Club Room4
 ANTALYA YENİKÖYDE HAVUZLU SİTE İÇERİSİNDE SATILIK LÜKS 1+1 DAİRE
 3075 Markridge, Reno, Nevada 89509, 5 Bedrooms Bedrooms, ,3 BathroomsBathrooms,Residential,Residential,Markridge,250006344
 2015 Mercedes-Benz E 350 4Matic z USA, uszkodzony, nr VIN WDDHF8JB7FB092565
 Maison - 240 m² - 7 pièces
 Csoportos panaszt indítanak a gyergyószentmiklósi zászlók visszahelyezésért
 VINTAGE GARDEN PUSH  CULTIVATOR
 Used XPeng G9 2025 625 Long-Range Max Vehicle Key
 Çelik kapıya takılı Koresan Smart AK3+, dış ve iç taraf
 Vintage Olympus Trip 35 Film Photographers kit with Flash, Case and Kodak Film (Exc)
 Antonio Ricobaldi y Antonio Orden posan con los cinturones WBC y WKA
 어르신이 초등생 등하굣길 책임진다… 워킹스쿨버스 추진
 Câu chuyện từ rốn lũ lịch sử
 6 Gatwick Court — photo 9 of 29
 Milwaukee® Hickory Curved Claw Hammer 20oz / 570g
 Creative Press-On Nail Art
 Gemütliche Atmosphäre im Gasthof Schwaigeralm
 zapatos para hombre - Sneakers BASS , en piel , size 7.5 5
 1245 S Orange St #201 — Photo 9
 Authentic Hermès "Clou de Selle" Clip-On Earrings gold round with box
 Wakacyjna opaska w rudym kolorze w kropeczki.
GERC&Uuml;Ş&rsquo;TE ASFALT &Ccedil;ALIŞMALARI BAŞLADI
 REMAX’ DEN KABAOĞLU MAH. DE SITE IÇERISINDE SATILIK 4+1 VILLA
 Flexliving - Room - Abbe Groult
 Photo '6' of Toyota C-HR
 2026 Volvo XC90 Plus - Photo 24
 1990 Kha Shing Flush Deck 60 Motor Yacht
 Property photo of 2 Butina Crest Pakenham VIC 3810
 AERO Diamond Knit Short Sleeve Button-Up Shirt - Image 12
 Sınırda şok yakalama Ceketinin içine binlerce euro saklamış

◇ ◇ ◇ ◇ ◇

To do. Output exactly the lines from the one with "3075 Markridge, Reno, Nevada" through the final line of the listing above.

Response box.
 3075 Markridge, Reno, Nevada 89509, 5 Bedrooms Bedrooms, ,3 BathroomsBathrooms,Residential,Residential,Markridge,250006344
 2015 Mercedes-Benz E 350 4Matic z USA, uszkodzony, nr VIN WDDHF8JB7FB092565
 Maison - 240 m² - 7 pièces
 Csoportos panaszt indítanak a gyergyószentmiklósi zászlók visszahelyezésért
 VINTAGE GARDEN PUSH  CULTIVATOR
 Used XPeng G9 2025 625 Long-Range Max Vehicle Key
 Çelik kapıya takılı Koresan Smart AK3+, dış ve iç taraf
 Vintage Olympus Trip 35 Film Photographers kit with Flash, Case and Kodak Film (Exc)
 Antonio Ricobaldi y Antonio Orden posan con los cinturones WBC y WKA
 어르신이 초등생 등하굣길 책임진다… 워킹스쿨버스 추진
 Câu chuyện từ rốn lũ lịch sử
 6 Gatwick Court — photo 9 of 29
 Milwaukee® Hickory Curved Claw Hammer 20oz / 570g
 Creative Press-On Nail Art
 Gemütliche Atmosphäre im Gasthof Schwaigeralm
 zapatos para hombre - Sneakers BASS , en piel , size 7.5 5
 1245 S Orange St #201 — Photo 9
 Authentic Hermès "Clou de Selle" Clip-On Earrings gold round with box
 Wakacyjna opaska w rudym kolorze w kropeczki.
GERC&Uuml;Ş&rsquo;TE ASFALT &Ccedil;ALIŞMALARI BAŞLADI
 REMAX’ DEN KABAOĞLU MAH. DE SITE IÇERISINDE SATILIK 4+1 VILLA
 Flexliving - Room - Abbe Groult
 Photo '6' of Toyota C-HR
 2026 Volvo XC90 Plus - Photo 24
 1990 Kha Shing Flush Deck 60 Motor Yacht
 Property photo of 2 Butina Crest Pakenham VIC 3810
 AERO Diamond Knit Short Sleeve Button-Up Shirt - Image 12
 Sınırda şok yakalama Ceketinin içine binlerce euro saklamış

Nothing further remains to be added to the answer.